总结上述研究结果可以发现,配偶的父亲对个体精英地位的获得有重要影响。这种影响体现在两个方面,一方面,配偶的父亲的精英地位对个体精英地位的获得具有积极影响,既有精英地位继承,也有精英地位转化。虽然文化资本的继承比较困难,但配偶的父亲可以直接传递政治资本与经济资本,帮助个体成为国家精英与市场精英。此外,资本转化是不对称的,政治资本较多的配偶的父亲可以帮助个体获得更多的经济资本,从而成为市场精英;反之,个体的政治资本很难从配偶的父亲的经济资本转化而来。然而,上述影响更适用于男性,对于女性而言,虽然作为国家精英的公公依然有助于自己成为市场精英,但从公公那里直接继承精英地位却难以实现。

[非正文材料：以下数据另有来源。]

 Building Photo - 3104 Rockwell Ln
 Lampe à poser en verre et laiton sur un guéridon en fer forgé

另一方面,与自己的父亲相比,配偶的父亲对自己当前社会经济地位的影响更强。这可能是因为配偶的父亲带入的社会资源具有更大的异质性,能够弥补父亲社会资源的不足以及父亲资本的重复使用所引起的边际收益递减。但是,这不意味着父亲社会经济地位对个体精英地位获得的影响不重要,事实上,父亲主要通过影响个体婚前的社会经济地位而影响其目前的精英地位。

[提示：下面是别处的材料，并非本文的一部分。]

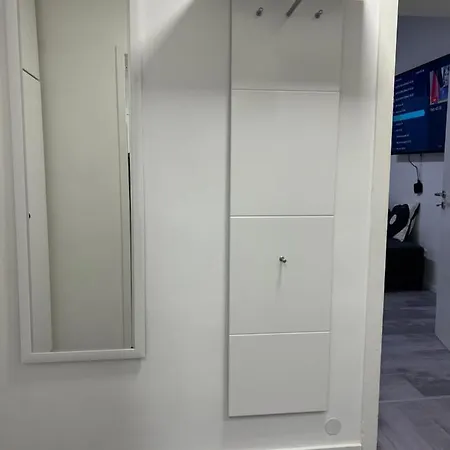 Freshly Renovated Kitchen Wifi Near Duesseldorf Airport *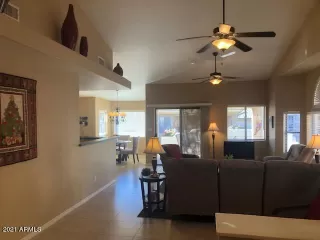 Photo #5: 6332888 Listing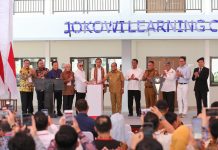 Presiden Jokowi dan Mendag Zulkifli Hasan Didampingi Pj. Gubernur Samsudin Resmikan Gedung Jokowi Learning Centre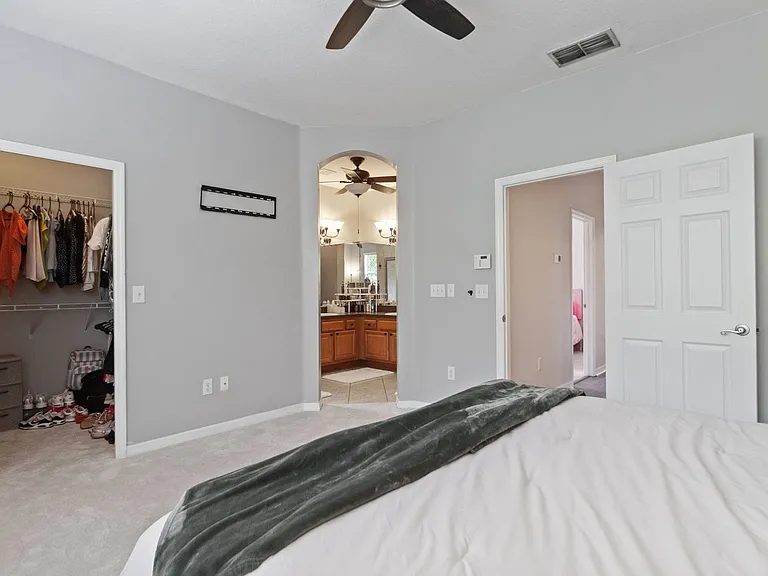 8141 Stone Leaf Ln — Photo 16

以上研究结果表明,第一,无论家庭制度在现代化过程中发生了怎样的变化,代际的血缘与婚姻纽带依然在现代社会的社会流动过程中发挥重要作用。虽然许多研究注意到经济体制改革以来婚姻匹配程度呈现上升的趋势(李煜,2011;齐亚强、牛建林,2012),但如果不同时考虑婚姻带来的实际影响,婚姻在社会流动过程中的作用就不完整。正因为配偶的父母的精英地位有助于个体精英地位的获得,随着精英之间婚姻联盟趋势的增强,社会流动趋于固化。也就是说,家庭背景对子女地位获得的影响,除了“布劳—邓肯地位获得模型”指出的“家庭—初职—现职”路径外,还可以通过“家庭—姻亲—现职”路径发挥作用。进一步说,虽然个体的父母与配偶的父母共同构成了已婚者的家庭背景,但二者影响又不是简单的叠加,而是某种程度上的相得益彰,因此,如果不将配偶的家庭纳入地位获得模型,对社会结构形成过程的理解就是不完全的,很可能会低估了家庭背景在个人成年以后代际再生产中的作用。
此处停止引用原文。